Damiana de Andres Ramirez Pulido

Andres Ramirez Pulido a connu les honneurs d’une sélection à Berlin en 2016 avec Eden, puis à Cannes en 2017 avec Damiana, les deux films annonçant les thèmes et le style de son premier long, La Jauria. Dans Damiana, des jeunes filles évoluent dans une sorte de prison ouverte dans la jungle. On les exhorte à se repentir de leurs fautes et à prendre un nouveau départ dans la vie. Dans Eden, deux adolescents désoeuvrés s’introduisent dans une station thermale abandonnée au milieu de la nature, et cherchent à en percer les secrets. Les deux films ont en commun une écriture elliptique et des plans à la composition ultra-soignée qui immerge sans cesse ses personnages dans la nature. Les premières images de La Jauria laissent espérer une même réussite visuelle. On sait également qu’il développe également les questions d’abandon (par la société comme par la cellule familiale et plus précisément la figure paternelle), de violence et de rédemption.

Gros chagrin de Céline Devaux

Récompensé d’un lion d’or en 2017, Gros chagrin est le récit d’une rupture amoureuse qui oscille entre humour façon comédie sentimentale et amertume déchirante inspirée des plus grands drames amoureux. Réalisé à la fois en prise de vues réelles et en animation, il dit ces petites choses qui président à la séparation, ces signes annonciateurs que l’on refuse de voir, ces maladresses qui nous échappent, ce mécanisme irréversible qui se met en route, et la lâcheté, la fausse indifférence, les défis bravaches. Avant le vide au goût d’éternité, les regrets et les souvenirs qui reviennent précisément quand on voudrait tout oublier. Céline Devaux reste visuellement dans le style qui était le sien à l’époque du Déjeuner dominical, et sans doute était-ce le plus gros reproche qu’on pouvait faire à Gros chagrin : son utilisation de l’écran d’épingles (inventé par Alexandre Alexeïeff et Claire Parker dans les années 30 afin de se rapprocher au plus près de l’esthétique de la gravure en aquatinte) qui ne prend jamais vraiment l’ampleur que l’on pourrait attendre, comme si elle l’utilisait a minima, pour reproduire ce qu’elle savait déjà faire, et non pour ses propriétés délicates et particulières. On imagine toutefois parfaitement la transposition de cet univers doux amer dans son premier long métrage, Tout le monde aime Jeanne, dans lequel l’animation occupe là aussi une place centrale dans l’intrigue.

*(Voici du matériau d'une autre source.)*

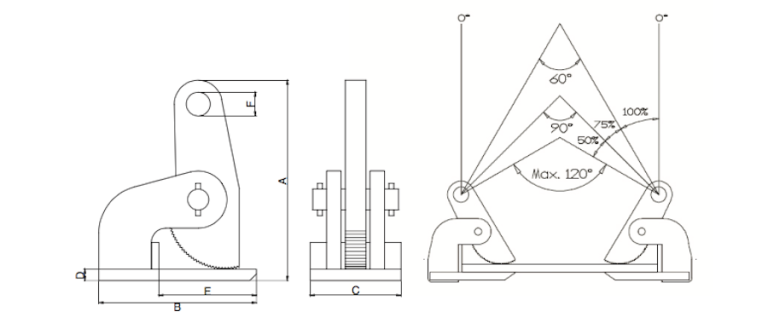 Vertical Lifting Clamps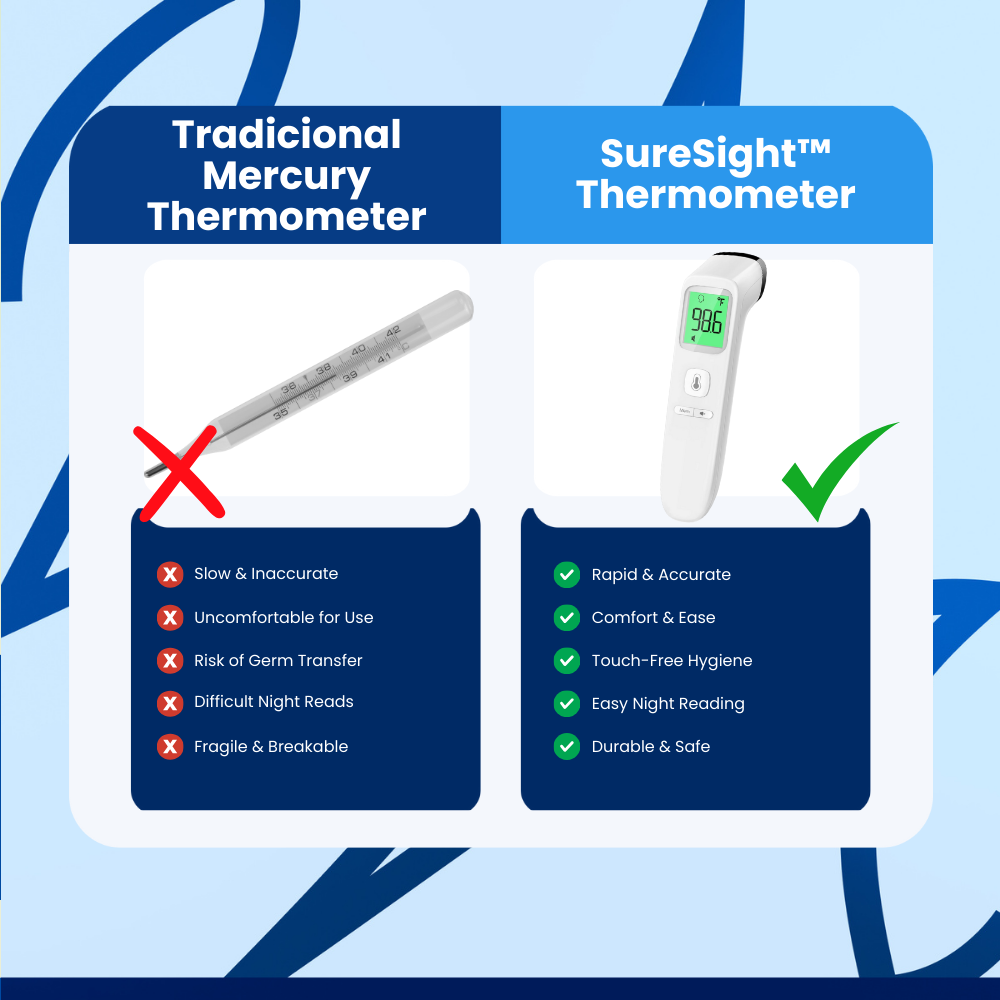 SureSight™ Thermometer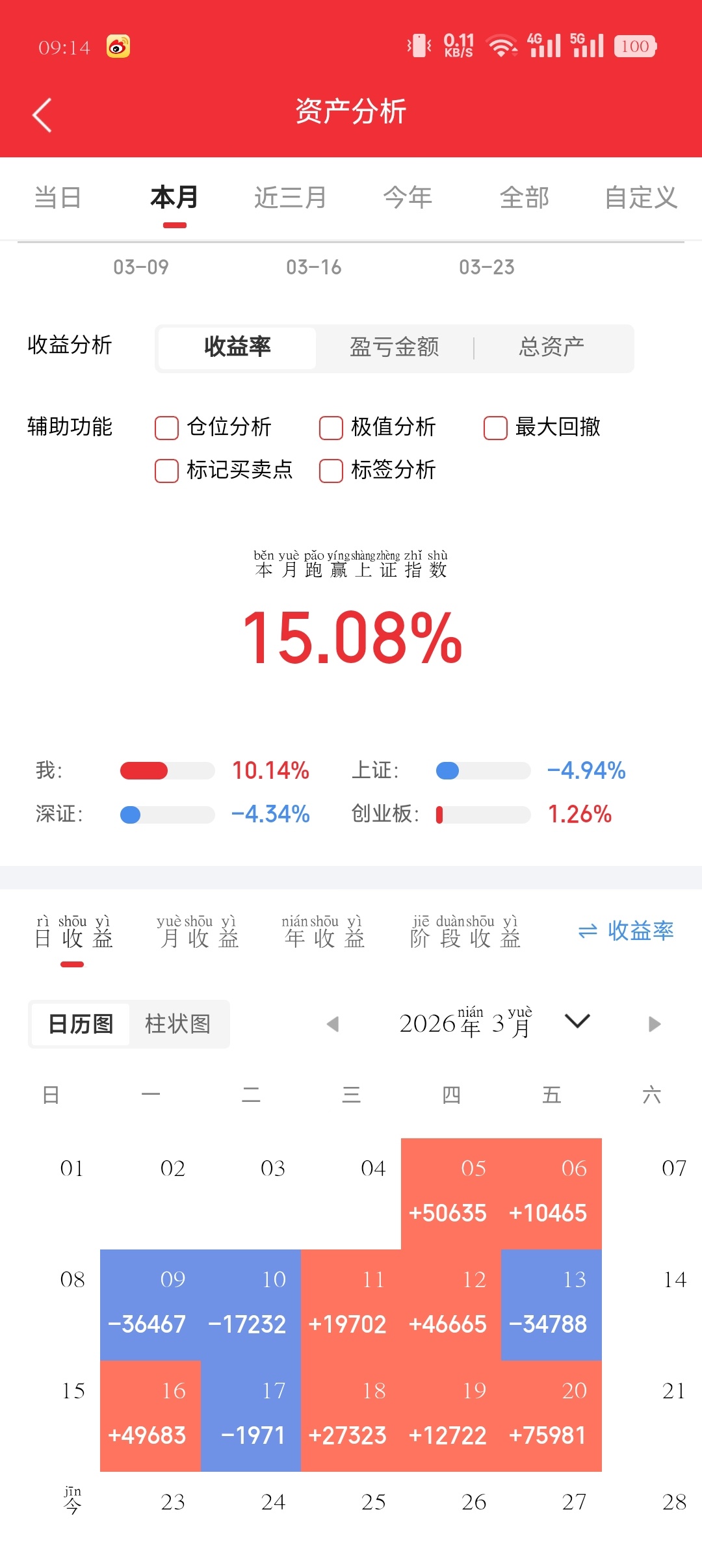 早上好！粉丝朋友！点赞评论888留下脚印粉丝朋友们，蔡姐在此衷心祝愿大家周末愉快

Le Tigre de Mikko Myllylahti

C’est véritablement un tigre qui est le personnage principal du court métrage du même nom de Mikko Myllylahti : ou en tout cas un adolescent engoncé, au sens propre, dans un magnifique costume de tigre bleu et blanc au regard énigmatique, et qui assiste à une scène violente entre ses parents. La fluidité impeccable de la mise en scène, ajoutée à la tonalité volontairement étrange du récit, qui joue du côté flottant de ses situations, donne à cette forme de coming of age presque banale une ampleur et une profondeur inattendue. Les questions sont ici plus nombreuses que les réponses, se bousculant dans la tête du personnage comme de tous les jeunes gens de son âge, et même de ceux qui n’en finissent plus d’éprouver les affres du doute, de l’incertitude et de l’âge adulte. Quatre ans après seulement cette fable singulière, le réalisateur finlandais (scénariste récompensé de L’Homme qui sourit de son compatriote Juho Kuosmanen) propose son premier long métrage, The Woodcutter Story, à la Semaine de la Critique.